She must have seen Cormac’s yellow waterproof jacket and trousers hanging outside the back door before, but this evening something in the way the garments were draped over the peg made her do a double-take. With the wellingtons standing at attention below, they looked almost like a person pressed flat against the wall. Nora pushed at the yellow rubber and felt it collapse beneath her hand.
She heard music as she approached the door, so she opened it silently and stepped into the entryway to listen. It was not a recording, as she’d first thought, but Cormac playing the flute as she’d never heard him play—flat-out, ferociously, full of joy and pain and exultation, the attack of air, breathing the fullness of experience into the notes, so that life became music, and music became life, in all its frustrating, overwhelming glory. The movement from slow air to reel left percussive notes ringing in the air, and the reel’s whirling pagan flow felt unstoppable. She closed her eyes, leaned back against the wall, and let the music lift her in its vortex. She didn’t know the name of the tune, but she had heard him play it before, although never with this kind of intensity. There was something inspired in him today; he was on fire, stoked by the passion in the notes.
Finally the flow of music slowed, eddied, and died away. Nora pushed away from the wall and touched Cormac from behind, sliding her arms down his chest. He wasn’t surprised; on the contrary, he seemed to be expecting her, and turned toward her to accept the hungry, searching kiss she offered. He set the flute down on the table and guided her onto his lap as they continued tasting each other, drowning in sensation, as if this were the first and not the thousandth time their lips had met. A fragment of a song came into Nora’s mind, something about ivy twined around an oak. Which was need, and which was love? The question slipped away unanswered, replaced by a ferocious abandon, desire so strong she might have given up anything at that moment to see it fulfilled.

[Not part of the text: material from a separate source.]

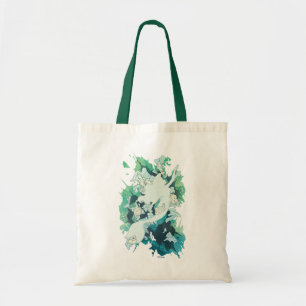 Tote Bag Silhouette de la petite sirène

And then it shattered, dropping in shards and splinters around her feet. The change was so sudden and frightening that she jerked her head away and gasped, causing Cormac to catch her shoulders in alarm. She stood and staggered backward, marking the fear in his expression and knowing there was no way she could explain what had just happened.
She didn’t know if she could bear the way he looked at her. She made a bolt for the stairs and shut herself in the bathroom, running the bathwater to cover the sound of her tears. A long soak would wash them away, the tears, the deceit, and make her feel whole again; at least she hoped it would. But the look on his face, the shock and hurt as she backed away—she knew that was only a fraction of what he would feel when she told him she was leaving, and the prospect made her shoulders shake more violently with each shuddering sob.
She’d been in the bath twenty minutes when she heard a soft rap at the door. “Nora, are you all right? Please talk to me.”
“Come in.” The door opened a crack and she could see his worried face. “You can come all the way in.”
He crouched by the end of the tub where her head emerged from the bubbles. The house had been newly fitted out, but it still had an old claw-footed tub, wide and deep. She closed her eyes and felt his fingers brush against her cheek. He kissed her forehead, her burning eyes. She lay back and listened as he poured a drop of shampoo into his hands and began soaping her hair and scalp, massaging her pounding temples with slow, rhythmic strokes. She could feel her fear break up and wash away as he rinsed the soap from her hair. As she rose dripping from the water he wrapped her in a huge white towel, then carried her in his arms the short distance to the bedroom. And this time nothing shattered; there was only triumphal yielding, sweet blending.
10
Charlie Brazil waded through the tall grass at the edge of the apiary, his mouth dry and a twisting knot in his stomach. Strange things had been happening here the last few days. He felt eyes on him, heard whispers wherever he went, and rumors swirled through the air like ghosts. He’d come home this evening to find that detective, the same one from all those years ago, speaking to his parents. He’d listened, watching and waiting outside until the policeman got into his car and drove away. Apparently all the whispers had been true: the body from the bog was his father’s only brother, Danny Brazil. But when he’d gone into the house a few minutes later, neither of his parents had spoken a word about it.